▶ [WORK REQUEST] Which lines run from the one containing "爱因斯坦 相对论一百年 a" to the end of the listing? Copy them out exactly, leaving out the rest.

__________

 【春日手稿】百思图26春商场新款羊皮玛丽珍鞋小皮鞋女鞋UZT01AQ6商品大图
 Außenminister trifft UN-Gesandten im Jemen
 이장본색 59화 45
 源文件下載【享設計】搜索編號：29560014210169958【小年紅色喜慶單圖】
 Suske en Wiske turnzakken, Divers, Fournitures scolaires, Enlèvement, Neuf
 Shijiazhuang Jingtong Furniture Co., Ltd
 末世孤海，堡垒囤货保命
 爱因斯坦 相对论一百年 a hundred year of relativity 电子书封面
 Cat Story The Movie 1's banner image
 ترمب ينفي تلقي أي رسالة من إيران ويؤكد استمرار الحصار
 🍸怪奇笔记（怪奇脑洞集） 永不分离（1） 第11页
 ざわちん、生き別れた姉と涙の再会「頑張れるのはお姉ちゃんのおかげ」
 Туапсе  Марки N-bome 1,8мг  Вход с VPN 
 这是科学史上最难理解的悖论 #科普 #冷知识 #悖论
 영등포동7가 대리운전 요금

__________

▶ [TASK ANSWER]
 爱因斯坦 相对论一百年 a hundred year of relativity 电子书封面
 Cat Story The Movie 1's banner image
 ترمب ينفي تلقي أي رسالة من إيران ويؤكد استمرار الحصار
 🍸怪奇笔记（怪奇脑洞集） 永不分离（1） 第11页
 ざわちん、生き別れた姉と涙の再会「頑張れるのはお姉ちゃんのおかげ」
 Туапсе  Марки N-bome 1,8мг  Вход с VPN 
 这是科学史上最难理解的悖论 #科普 #冷知识 #悖论
 영등포동7가 대리운전 요금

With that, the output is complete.